As technology continues to advance in society, the question of ethics will keep becoming prevalent. Researchers over the past few years have analyzed the social biases found in commercial AI products. Buolamwini (2018) found that facial recognition software from companies like Microsoft and IBM had a gender classification error rate which was 20.8 to 30.4% greater for darker women than lighter men. Gender stereotypes are also apparent in publically available knowledge graphs. Researches from Amazon Science found that Wikidata and Freebase knowledge graphs include biases which perpetuate gender-profession stereotypes. Concerns about the racial biases in commercial AI products have led to temporary and permanent bans on the sale of facial recognition software to police by major tech companies.
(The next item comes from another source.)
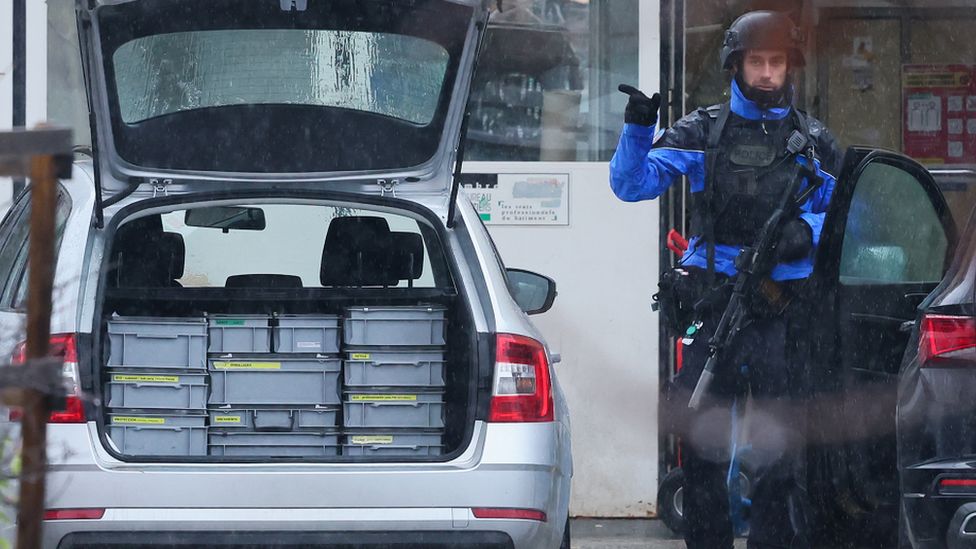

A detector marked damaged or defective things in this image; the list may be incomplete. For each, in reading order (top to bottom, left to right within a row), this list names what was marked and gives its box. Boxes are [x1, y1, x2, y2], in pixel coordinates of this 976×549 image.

rusty metal post [14, 152, 59, 548]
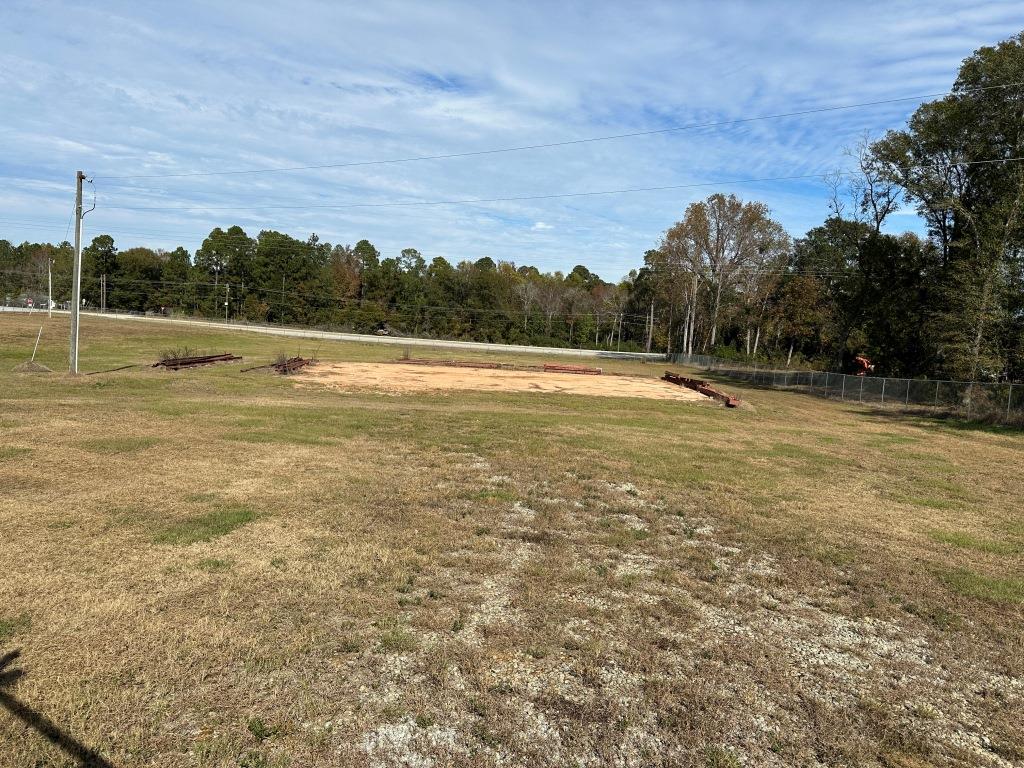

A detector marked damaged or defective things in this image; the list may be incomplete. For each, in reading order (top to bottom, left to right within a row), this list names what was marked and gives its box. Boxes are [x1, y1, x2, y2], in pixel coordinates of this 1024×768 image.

rusted steel rail [152, 354, 240, 370]
rusted steel rail [659, 372, 741, 409]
In addition, many state and local governments are moving away from gang databases and predictive policing software.

This paper will discuss the social biases in AI and knowledge graph software, the many improvements companies have made, and the debate over whether law enforcement should be using facial recognition and predictive policing in the first place.

Buolamwini’s research at MIT

The first major paper in this field was published in 2018 by MIT researcher Joy Buolamwini (Figure 1) and Microsoft researcher Timnit Gebru. Buolamwini noticed facial recognition software struggled to detect her face during her undergraduate studies. It did however detect her lighter skin colleagues more easily, and it was actually able to detect her face when she wore a white mask (Figure 1). After making this observation, she wrote her master’s thesis on the topic of accuracy disparities in commercial facial recognition software across different genders and skin types.

Figure 1: MIT Researcher Joy Buolamwini holding a white mask [1]

In the 2018 paper, “Gender Shades”, a dataset sample called the Pilots Parliament Benchmark (PPB) (Figure 2) was created to measure the accuracy disparity. The PPB is comprised of 1270 images of parliamentary members from three African and three European countries. These images were manually labeled by binary gender (male/female) and binary phenotype (darker/lighter skin). The binary gender is publicly available information provided by the government, but the binary phenotype was determined by the dermatologist-approved Fitzpatrick skin type. Fitzpatrick types I, II, and III were classified as “light skin”, while Fitzpatrick types IV, V, and VI were classified as “dark skin”.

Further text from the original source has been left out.